There are some that believe the sheer numerical superiority of the Red Army and Allies doomed Germany to defeat less than two years after continent wide war resumed in Europe late in 1939. For instance, the vast majority of David Stahel's decade long work posits that the Wehrmacht in general, but the German army (Heer) in particular, had shot their bolt as early as August of 1941. In assessing such claims this article will take a look at the primary component of the German army's striking power - it's panzer divisions. More to the point, I shall examine the state of the tank complement in those panzer divisions assigned to Operation Barbarossa (the June 1941 German invasion of the Soviet Union) after the campaign's first three months. In doing so, I hope to highlight one of many elements (for instance manpower losses in the infantry divisions would be another) that taken together can help readers understand for themselves whether or not the Ostheer (German army in the east) was beyond repair early in the fall of 1941.
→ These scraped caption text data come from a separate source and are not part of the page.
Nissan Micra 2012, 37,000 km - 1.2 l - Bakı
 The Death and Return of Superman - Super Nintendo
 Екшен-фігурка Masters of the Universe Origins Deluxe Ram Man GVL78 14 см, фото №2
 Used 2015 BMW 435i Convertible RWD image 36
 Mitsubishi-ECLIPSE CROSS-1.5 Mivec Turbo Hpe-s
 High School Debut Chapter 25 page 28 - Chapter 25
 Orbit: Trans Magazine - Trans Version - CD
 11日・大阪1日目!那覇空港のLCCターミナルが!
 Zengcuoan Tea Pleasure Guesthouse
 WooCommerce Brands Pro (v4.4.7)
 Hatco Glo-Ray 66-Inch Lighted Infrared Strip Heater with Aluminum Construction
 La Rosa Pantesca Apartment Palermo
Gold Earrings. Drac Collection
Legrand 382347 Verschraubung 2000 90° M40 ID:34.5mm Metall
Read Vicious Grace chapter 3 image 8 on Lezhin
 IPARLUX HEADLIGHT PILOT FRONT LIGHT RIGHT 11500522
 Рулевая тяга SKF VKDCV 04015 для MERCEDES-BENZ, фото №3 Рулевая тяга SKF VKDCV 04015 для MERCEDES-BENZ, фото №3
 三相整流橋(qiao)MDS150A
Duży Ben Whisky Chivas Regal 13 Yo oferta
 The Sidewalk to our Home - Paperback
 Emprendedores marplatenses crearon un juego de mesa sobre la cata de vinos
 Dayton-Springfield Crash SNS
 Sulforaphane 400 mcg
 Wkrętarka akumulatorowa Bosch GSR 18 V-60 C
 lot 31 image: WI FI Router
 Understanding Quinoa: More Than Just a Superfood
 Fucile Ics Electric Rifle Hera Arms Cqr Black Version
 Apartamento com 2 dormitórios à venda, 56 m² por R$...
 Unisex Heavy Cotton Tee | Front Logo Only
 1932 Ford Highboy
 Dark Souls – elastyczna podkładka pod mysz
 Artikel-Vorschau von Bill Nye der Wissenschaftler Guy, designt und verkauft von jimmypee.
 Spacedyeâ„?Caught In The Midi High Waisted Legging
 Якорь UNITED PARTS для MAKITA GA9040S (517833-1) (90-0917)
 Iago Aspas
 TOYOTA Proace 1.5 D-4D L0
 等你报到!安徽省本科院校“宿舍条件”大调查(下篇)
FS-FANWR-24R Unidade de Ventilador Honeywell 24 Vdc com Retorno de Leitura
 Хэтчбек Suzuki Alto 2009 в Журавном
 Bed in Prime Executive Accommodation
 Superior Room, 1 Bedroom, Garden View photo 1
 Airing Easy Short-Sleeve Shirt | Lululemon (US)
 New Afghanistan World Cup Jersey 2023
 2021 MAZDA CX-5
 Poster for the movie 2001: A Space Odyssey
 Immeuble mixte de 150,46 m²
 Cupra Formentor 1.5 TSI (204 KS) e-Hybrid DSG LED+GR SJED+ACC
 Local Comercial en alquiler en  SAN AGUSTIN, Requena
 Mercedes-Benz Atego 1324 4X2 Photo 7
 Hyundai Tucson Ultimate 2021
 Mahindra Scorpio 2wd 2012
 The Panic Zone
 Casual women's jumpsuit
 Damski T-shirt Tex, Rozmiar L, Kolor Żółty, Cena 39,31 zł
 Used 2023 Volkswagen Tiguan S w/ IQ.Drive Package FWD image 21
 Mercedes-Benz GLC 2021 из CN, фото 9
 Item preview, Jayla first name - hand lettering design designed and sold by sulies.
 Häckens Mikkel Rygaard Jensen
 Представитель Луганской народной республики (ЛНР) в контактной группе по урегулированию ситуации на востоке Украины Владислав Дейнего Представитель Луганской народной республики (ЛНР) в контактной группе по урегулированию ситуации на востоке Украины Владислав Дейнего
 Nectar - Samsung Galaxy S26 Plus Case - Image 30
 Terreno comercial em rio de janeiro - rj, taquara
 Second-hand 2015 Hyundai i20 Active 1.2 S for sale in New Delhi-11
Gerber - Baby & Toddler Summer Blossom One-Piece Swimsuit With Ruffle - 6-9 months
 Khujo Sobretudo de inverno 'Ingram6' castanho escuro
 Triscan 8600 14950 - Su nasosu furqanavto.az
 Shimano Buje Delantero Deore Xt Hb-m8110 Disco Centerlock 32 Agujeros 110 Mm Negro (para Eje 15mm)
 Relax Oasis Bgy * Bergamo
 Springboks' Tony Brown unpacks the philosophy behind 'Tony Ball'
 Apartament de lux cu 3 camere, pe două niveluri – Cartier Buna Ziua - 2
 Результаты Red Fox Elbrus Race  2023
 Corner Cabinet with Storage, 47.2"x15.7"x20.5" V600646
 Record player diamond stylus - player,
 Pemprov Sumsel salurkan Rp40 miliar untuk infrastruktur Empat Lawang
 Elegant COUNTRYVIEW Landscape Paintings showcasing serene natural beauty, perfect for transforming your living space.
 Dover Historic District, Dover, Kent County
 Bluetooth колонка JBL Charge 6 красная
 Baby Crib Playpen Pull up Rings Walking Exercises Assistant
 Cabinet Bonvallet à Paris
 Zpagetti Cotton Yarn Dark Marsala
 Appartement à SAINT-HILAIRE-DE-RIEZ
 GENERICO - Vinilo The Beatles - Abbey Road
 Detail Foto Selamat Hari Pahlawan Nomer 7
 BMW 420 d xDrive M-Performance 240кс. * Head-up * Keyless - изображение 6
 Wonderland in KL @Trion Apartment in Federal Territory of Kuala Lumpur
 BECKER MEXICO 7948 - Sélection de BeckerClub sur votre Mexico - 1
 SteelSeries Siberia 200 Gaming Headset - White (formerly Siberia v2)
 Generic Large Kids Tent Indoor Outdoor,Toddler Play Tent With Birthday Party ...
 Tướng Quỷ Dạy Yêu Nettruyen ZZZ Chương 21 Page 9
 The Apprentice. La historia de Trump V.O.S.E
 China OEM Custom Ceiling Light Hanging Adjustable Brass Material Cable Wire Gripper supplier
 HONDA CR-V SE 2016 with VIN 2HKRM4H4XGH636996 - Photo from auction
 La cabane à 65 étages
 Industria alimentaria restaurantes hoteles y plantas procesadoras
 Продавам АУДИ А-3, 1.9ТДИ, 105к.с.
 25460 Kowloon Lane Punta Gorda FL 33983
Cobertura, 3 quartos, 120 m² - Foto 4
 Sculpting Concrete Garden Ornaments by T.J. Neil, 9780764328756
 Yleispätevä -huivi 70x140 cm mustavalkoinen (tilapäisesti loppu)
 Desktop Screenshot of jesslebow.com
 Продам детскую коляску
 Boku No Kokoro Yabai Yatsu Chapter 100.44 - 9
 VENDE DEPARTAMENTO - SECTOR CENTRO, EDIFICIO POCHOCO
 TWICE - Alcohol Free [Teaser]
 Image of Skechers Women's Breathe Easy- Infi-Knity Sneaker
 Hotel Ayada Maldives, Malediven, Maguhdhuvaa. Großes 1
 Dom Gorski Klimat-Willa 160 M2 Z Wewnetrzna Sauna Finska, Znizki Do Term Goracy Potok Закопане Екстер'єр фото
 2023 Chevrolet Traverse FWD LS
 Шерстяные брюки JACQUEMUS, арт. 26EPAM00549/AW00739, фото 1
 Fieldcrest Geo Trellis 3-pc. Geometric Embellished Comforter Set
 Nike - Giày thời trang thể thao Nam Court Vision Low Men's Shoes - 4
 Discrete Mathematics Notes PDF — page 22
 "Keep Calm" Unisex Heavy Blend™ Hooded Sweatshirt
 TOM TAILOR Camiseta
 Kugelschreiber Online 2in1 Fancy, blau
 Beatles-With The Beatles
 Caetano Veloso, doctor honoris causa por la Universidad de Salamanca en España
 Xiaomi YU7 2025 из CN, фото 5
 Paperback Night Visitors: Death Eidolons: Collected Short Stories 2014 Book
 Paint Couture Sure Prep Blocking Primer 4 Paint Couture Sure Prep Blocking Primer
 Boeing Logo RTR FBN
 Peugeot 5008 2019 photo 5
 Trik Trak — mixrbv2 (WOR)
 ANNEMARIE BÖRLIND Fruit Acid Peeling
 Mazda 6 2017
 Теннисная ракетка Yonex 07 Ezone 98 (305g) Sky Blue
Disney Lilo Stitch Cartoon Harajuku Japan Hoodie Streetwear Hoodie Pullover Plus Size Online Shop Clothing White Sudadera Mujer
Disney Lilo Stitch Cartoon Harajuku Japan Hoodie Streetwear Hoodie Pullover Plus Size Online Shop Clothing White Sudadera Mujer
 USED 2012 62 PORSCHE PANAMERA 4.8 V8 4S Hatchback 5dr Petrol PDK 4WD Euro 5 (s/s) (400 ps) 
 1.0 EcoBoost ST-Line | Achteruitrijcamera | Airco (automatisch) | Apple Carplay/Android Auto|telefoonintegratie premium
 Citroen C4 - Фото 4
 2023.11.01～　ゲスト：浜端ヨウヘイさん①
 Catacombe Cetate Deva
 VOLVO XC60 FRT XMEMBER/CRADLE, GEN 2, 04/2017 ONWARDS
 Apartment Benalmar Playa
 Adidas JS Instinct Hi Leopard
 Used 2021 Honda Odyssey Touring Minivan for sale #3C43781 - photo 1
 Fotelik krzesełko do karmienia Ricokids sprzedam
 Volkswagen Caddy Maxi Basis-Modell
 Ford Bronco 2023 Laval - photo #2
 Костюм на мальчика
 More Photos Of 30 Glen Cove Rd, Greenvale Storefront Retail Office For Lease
The panzer divisions ready to invade the Soviet Union late in June 1941 were at that time the most powerful combined arms organizations in the world. For that matter, the quality of the armor fleshing out those panzer divisions had taken a quantum leap over that of the previous year. Whereas more than half the panzers deployed in France during May of 1940 were light Panzer I and II variants, by June of 1941 fully two thirds of each division's panzer complement comprised the far more capable Pz 35/38t, Panzer III/IV, and StuG (assault guns). Most importantly, the Panzer III, arguably the main battle tank (MBT) of the German army in 1941, had been significantly improved. On the eve of Barbarossa the Panzer III Ausf G to J series served as the majority of medium tanks in Germany's inventory (1,090 of 1,440 Panzer III).These upgraded Panzer III's featured 30mm thicker frontal armor than their predecessors, offering for greater protection. In terms of hitting power the 50mm L/42 cannon represented a huge improvement over the old 37mm gun. From there, the 50mm L/60 main gun equipping the J model Panzer III's (see picture accompanying this article) that went into production in April 1941 had twice the muzzle velocity and thus penetrating power of even the L/42 gun.

In addition, each panzer division gained a motorized infantry regiment. This had increased the division's ability to operate in built up urban areas, guard it's flanks, sweep up bypassed centers of resistance, hold terrain, and ward off counterattacks. Off-road mobility also had improved as the number of half-tracks increased as did firepower further supplemented by the addition of assault guns and anti-aircraft battalions to the panzer divisions. Moreover, previous TO&E calling for two light artillery battalions had been upgraded so that each panzer division also deployed a heavy artillery battalion including a dozen 100mm cannons and 150mm howitzers. As such, the June 1941 era panzer divisions represented a far better balance of infantry, armor, artillery, supporting arms,and thus combined arms strength than did the Polish/French campaign vintage panzer divisions.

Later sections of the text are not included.